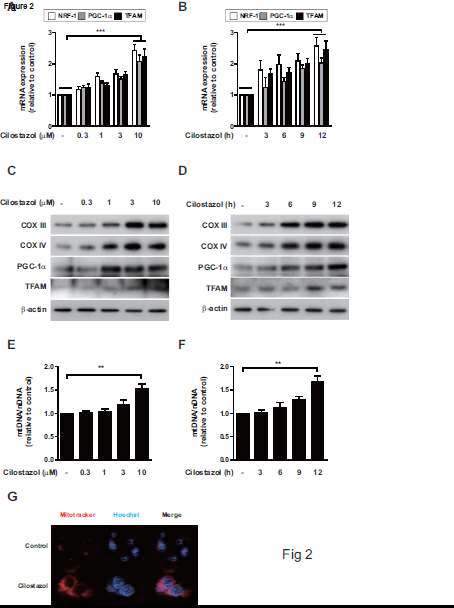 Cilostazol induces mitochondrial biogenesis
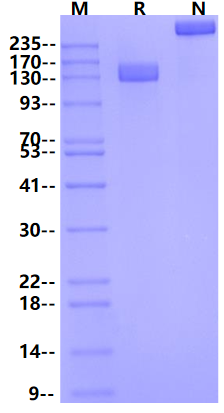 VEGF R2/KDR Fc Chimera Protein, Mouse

---

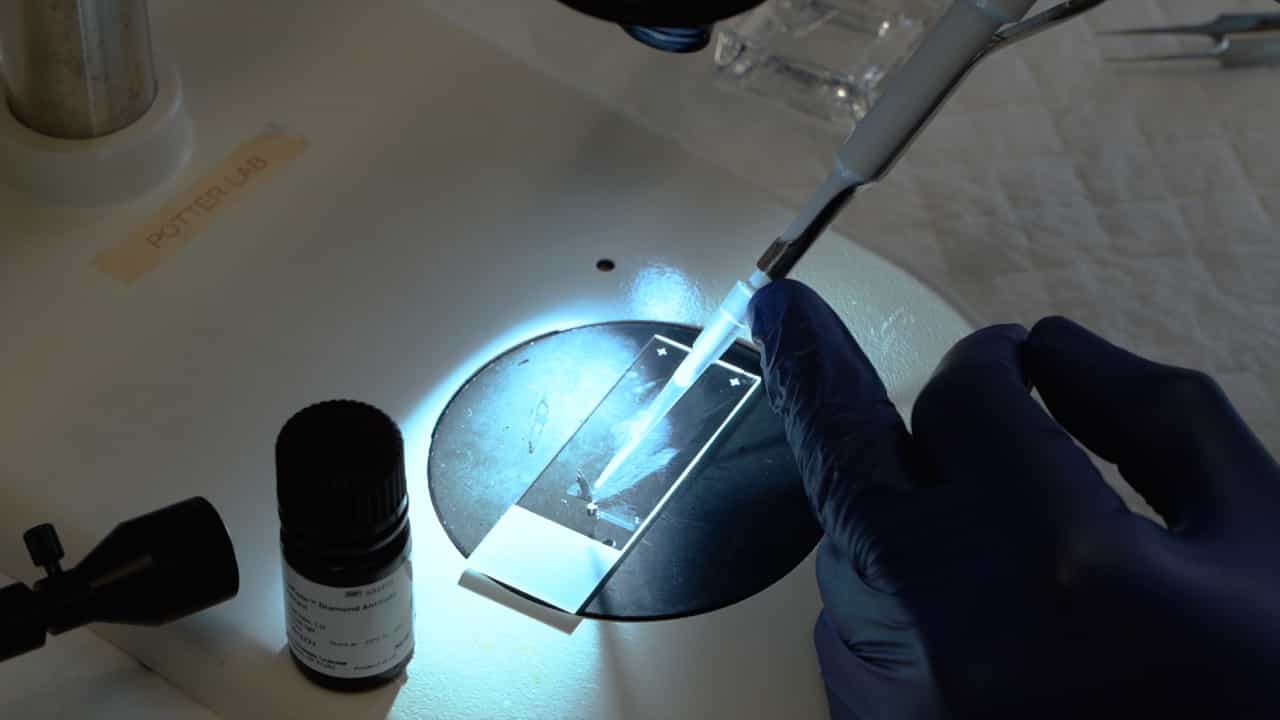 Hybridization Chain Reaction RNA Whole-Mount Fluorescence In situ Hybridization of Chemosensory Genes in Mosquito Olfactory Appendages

#### Requirement:
Using the data above, set down each line from the line with "Cilostazol induces mitochondrial biogenesis" to the line with "VEGF R2/KDR Fc Chimera Protein, Mouse" exactly, both ends included, and leave the pictures behind. Nothing else belongs.

#### Solution for this task:
 Cilostazol induces mitochondrial biogenesis
 VEGF R2/KDR Fc Chimera Protein, Mouse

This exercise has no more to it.